Clockwork Dog: Langstroth’s Last Riddle


Outside the room

When Clockwork Dog appeared on the scene, I can’t say I took much notice. Yes, they were an escape room and yes, they were based in London, but they were creating a pop-up escape room that would be around for three weeks. There were two ways I could see it going: Either it was a ruse to get people to book early and they would extend the run or they would be putting together a cheap and simple game. I waited my time to see which one it was.

And then I saw Dean’s review on Escape Review. Suddenly, this room looked a lot more appealing and, when it became clear that they were unlikely to extend their run, I knew I had to organise a last-minute trip to see for myself. In the end, more people were available to play than the game could accommodate, so we ended up booking back-to-back three-player games.

The hosts greeted us in character and really set the scene for the game well.


Arthur Langstroth recently died and, in his will, he specified that all the items in his antique shop should be bequeathed or sold. All, that is, except one: an object of incredible power. That item is available to whichever person or people can follow the clues and find its hiding place.

Inside the room

I’ll admit that I was dubious about setting up a pop-up escape room in a shop. When you can customise a space, you have lots of options for integrating the theme into the room, whereas Clockwork Dog were going to have to work with what was there. They’d chosen well, though. This was a shop full of character, with enough nooks and crannies to make it interesting but not so many that searching became a chore. That balance had been retained in their set dressing; there were sufficient props to give the feel of an antique dealer with a particular interest in Egypt but they hadn’t gone overboard with red herrings.

Yes: if you like searching, this is definitely a room for you. The finds were sometimes challenging but never left me feeling they were unfair. Both teams came close to needing a hint for a missing item but, on both occasions, some re-searching of the room resulted in the relevant prop being found so we could happily continue along with the game. There’s nothing quite like that sweet satisfaction of the second search paying off. (At least for the person who finds it, and embarrassment for those of us who missed it the first time round!)

The puzzles made decent use of the Egyptian/antique shop theme, with one slightly convoluted one in particular using an unusual prop in a fun way. Given the game was based around someone setting a trial of puzzles/riddles, almost anything is fair game here, but I did feel that a couple of the puzzles were a bit weak – counting up objects or similar – which was at odds with the quality of the rest of the game. Given the limited budget available for a pop-up, I’m imagining that the designer went out to look for suitable props and crafted the puzzles around them. It’s hard to be too critical given that, and it is frankly impressive that they managed to keep so much of it on theme.

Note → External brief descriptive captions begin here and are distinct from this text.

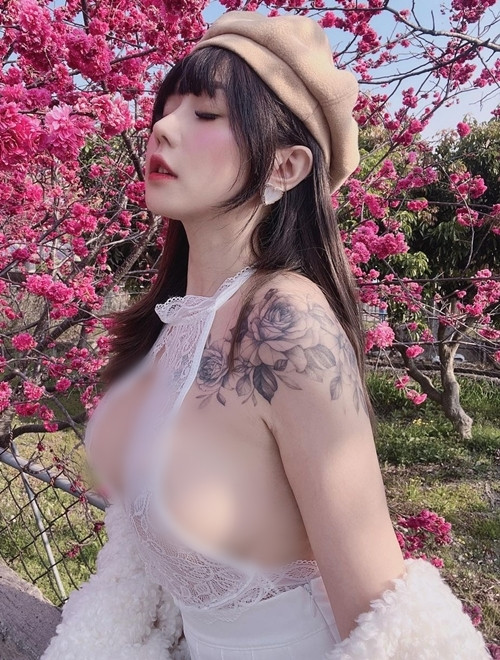 Khi bức ảnh đi "chu du" trên khắp các diễn đàn, trang mạng, thu hút không ít sự quan tâm, chú ý của dư luận, danh tính của cô nàng hot girl cũng được tìm ra.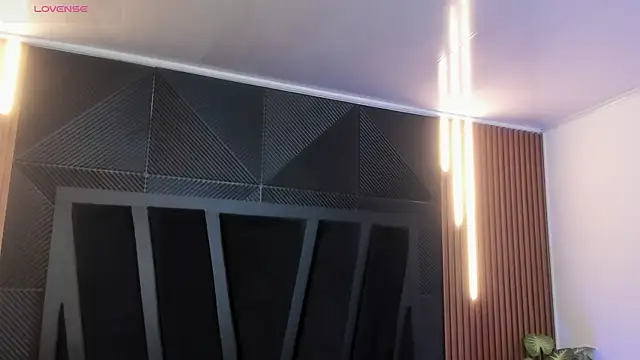 JeanColleman online show from December 2025 11:14:02 PM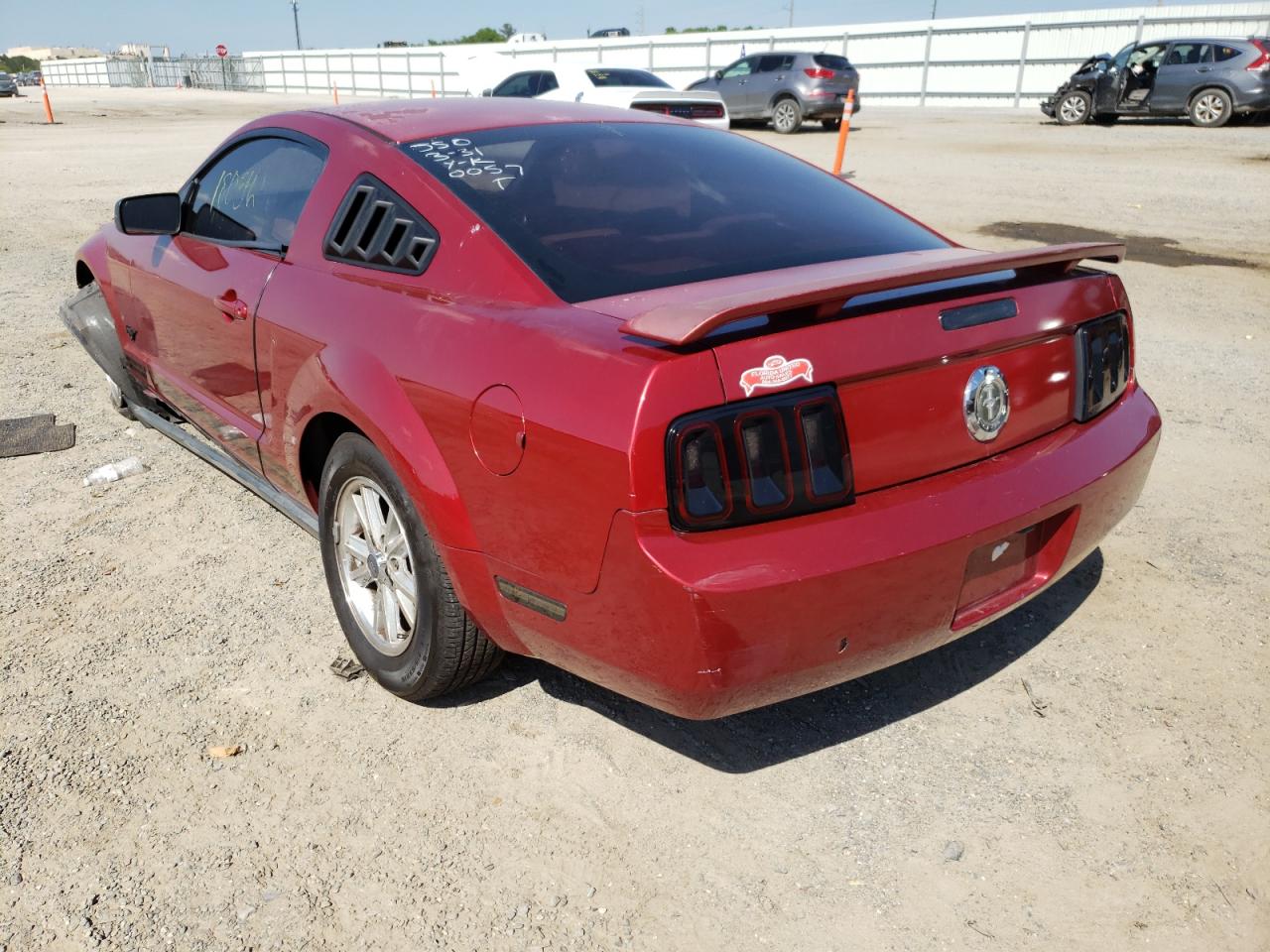 Photo 3 from auction – 2005 FORD MUSTANG with VIN 1ZVFT80N455130057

And it wasn’t just the puzzle elements that they kept on theme. I don’t want to give any details away, because it seems plausible that this room will reappear in some guise, but both the clues and the “off limits” labels fitted nicely with the story. It’s touches like that which I think take escape games to new levels and, in this case, they make me intrigued to see Clockwork Dog’s next outing.

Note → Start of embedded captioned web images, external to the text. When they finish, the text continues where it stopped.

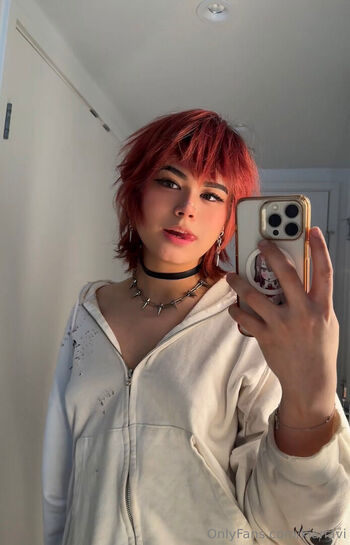 Kianavi  page leaked private photo uncensored HD quality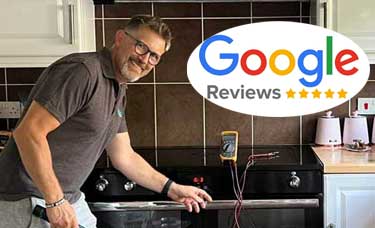 Paul fixing an oven<br />
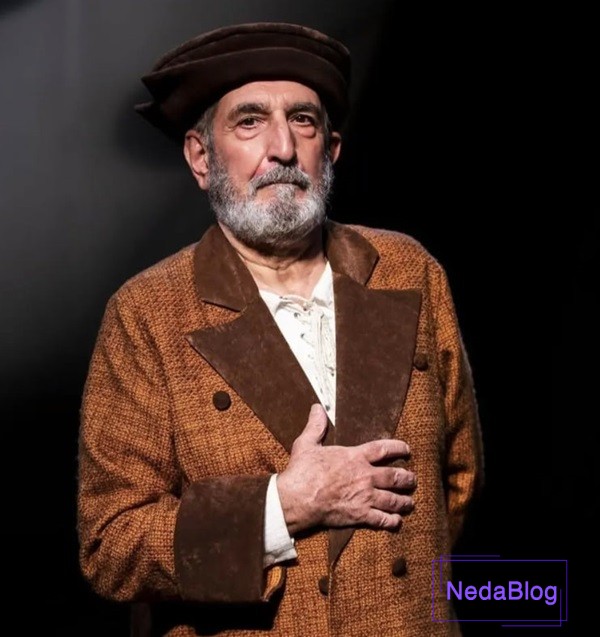 فرهاد آئیش در نمایش تئاتر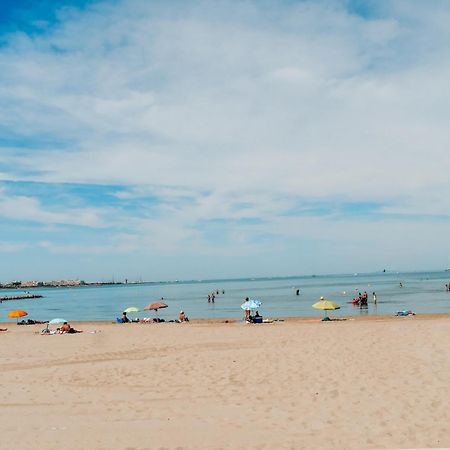 Duplex Centre Ville - 50M De La Plage - Clim - Garage - Netflix لو غراو دو روا الغرفة الصورة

Possibly the most impressive part of the experience was what they’d done to control the atmosphere. Both the lighting and sound in the room were used to enhance the experience, and the finale “reveal” would have been the highlight of the vast majority of games I’ve played. They took advantage of the shop and added a little bit of their own magic in a way that still has me smiling when I think about it a week later.


We got out with 22 minutes remaining which, up until a couple of hours earlier, would have been the record time. Unfortunately, we’d let our team mates go in first, and they escaped with 36 minutes, so yet again I have to put up with some teasing for the next few games. Neither team took clues.

Verdict –

Wow. What the team at Clockwork Dog have done in a pop-up environment puts many permanent escape rooms to shame. The hosts were a fun pair with a nice introduction to the story and, while a few of the puzzles were a little bit simplistic for my liking, the majority of them were well devised. It’s disappointing that so few people will get to see the finale, because it really was excellent. You’re already too late to play this game (it sold out not long after we played) but, if you get the chance to play their next oneI think it’s worth taking a punt to see if it’s as well done as this one. I certainly will.


We ate round the corner in the Cellars on Newington Green. Lovely old pub with decent modern food.